DATASET ENTRIES -
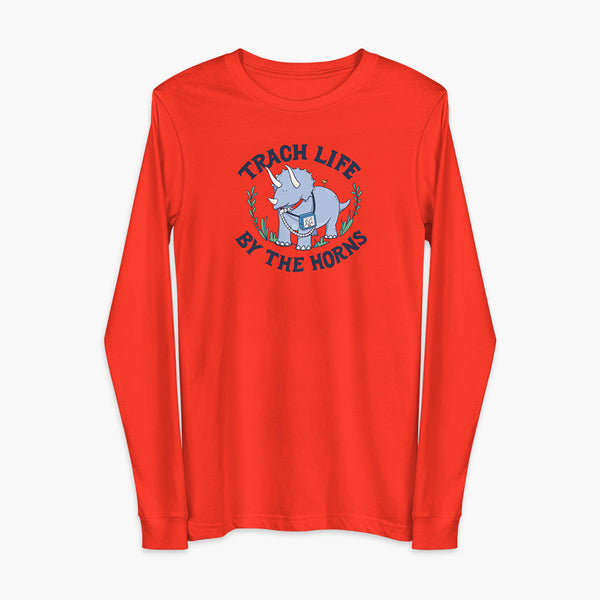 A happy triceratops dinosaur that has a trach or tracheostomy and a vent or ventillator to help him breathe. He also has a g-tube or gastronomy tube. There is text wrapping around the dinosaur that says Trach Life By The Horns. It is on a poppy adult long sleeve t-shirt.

--

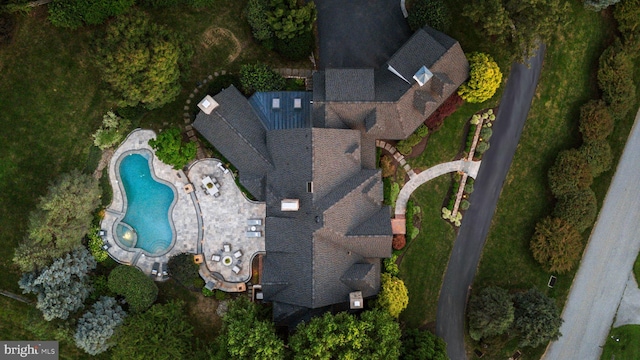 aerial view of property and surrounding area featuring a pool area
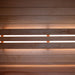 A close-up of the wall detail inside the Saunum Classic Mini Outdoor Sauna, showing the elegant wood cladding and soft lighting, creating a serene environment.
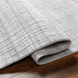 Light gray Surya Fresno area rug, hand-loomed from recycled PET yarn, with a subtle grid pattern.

---

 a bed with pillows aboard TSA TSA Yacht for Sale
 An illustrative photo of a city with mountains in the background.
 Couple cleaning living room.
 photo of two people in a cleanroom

HOW TO COMPLETE THIS TASK - Please repeat the lines of the material above exactly, starting with the line that contains "aerial view of" and ending with the line that contains "A close-up of". Leave the pictures out.

YOUR SOLUTION -
 aerial view of property and surrounding area featuring a pool area
 A close-up of the wall detail inside the Saunum Classic Mini Outdoor Sauna, showing the elegant wood cladding and soft lighting, creating a serene environment.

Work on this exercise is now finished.